Dataset section:
****************
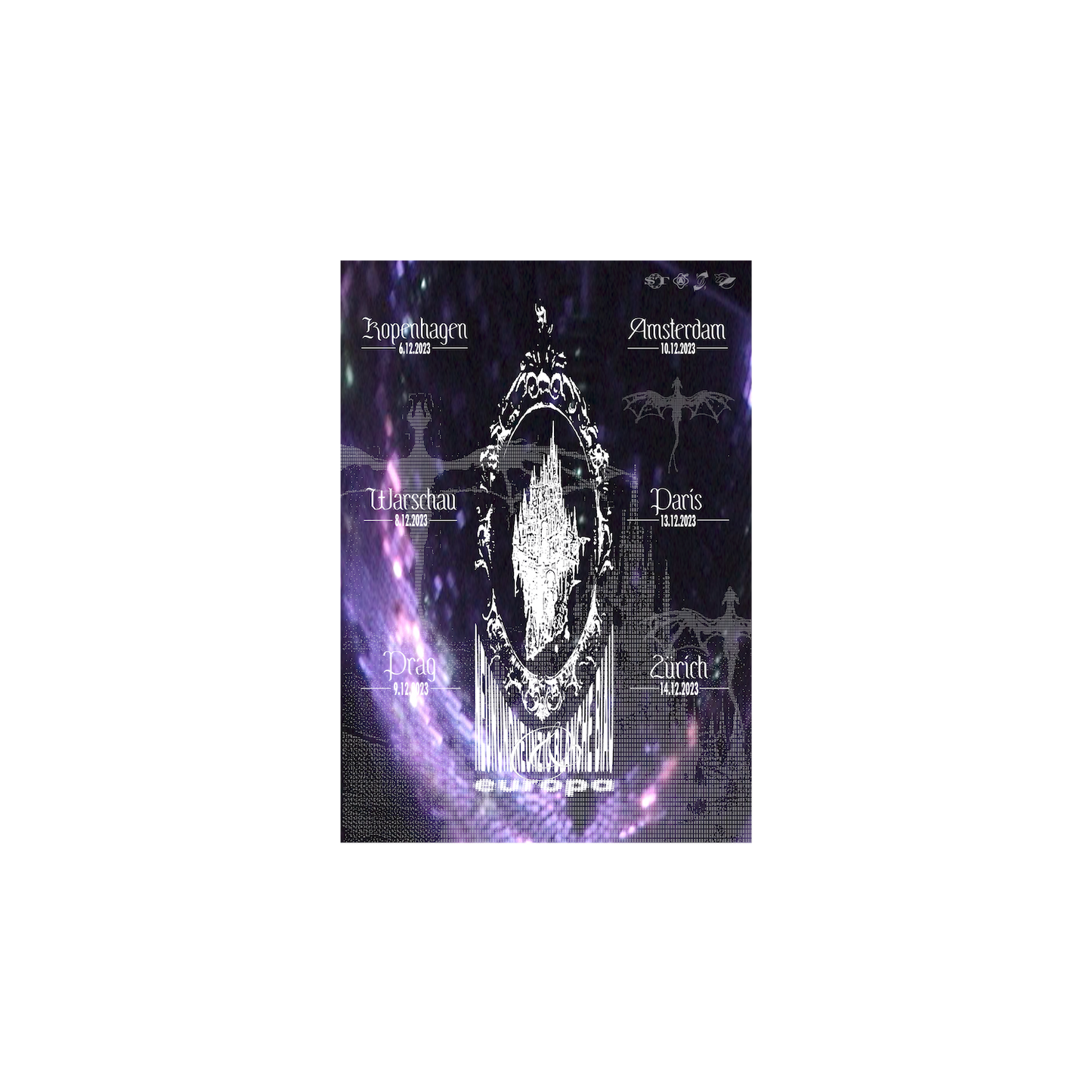 PLAKAT – NN99_BB_EU-23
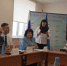 В Ленском технологическом техникуме открылись мастерские - Институт развития профессионального образования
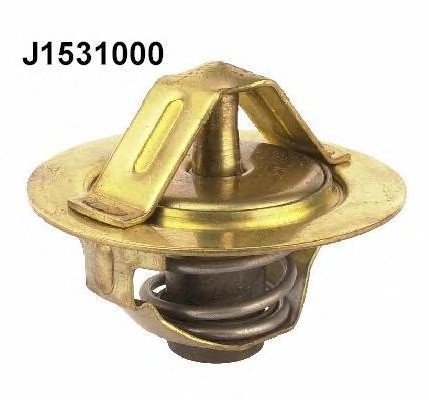 Термостат NIPPARTS J1531000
****************
In the data, the line that contains "В Ленском технологическом" begins the part to write out; restate it and each line after it word for word through the end, with no pictures.

 В Ленском технологическом техникуме открылись мастерские - Институт развития профессионального образования
 Термостат NIPPARTS J1531000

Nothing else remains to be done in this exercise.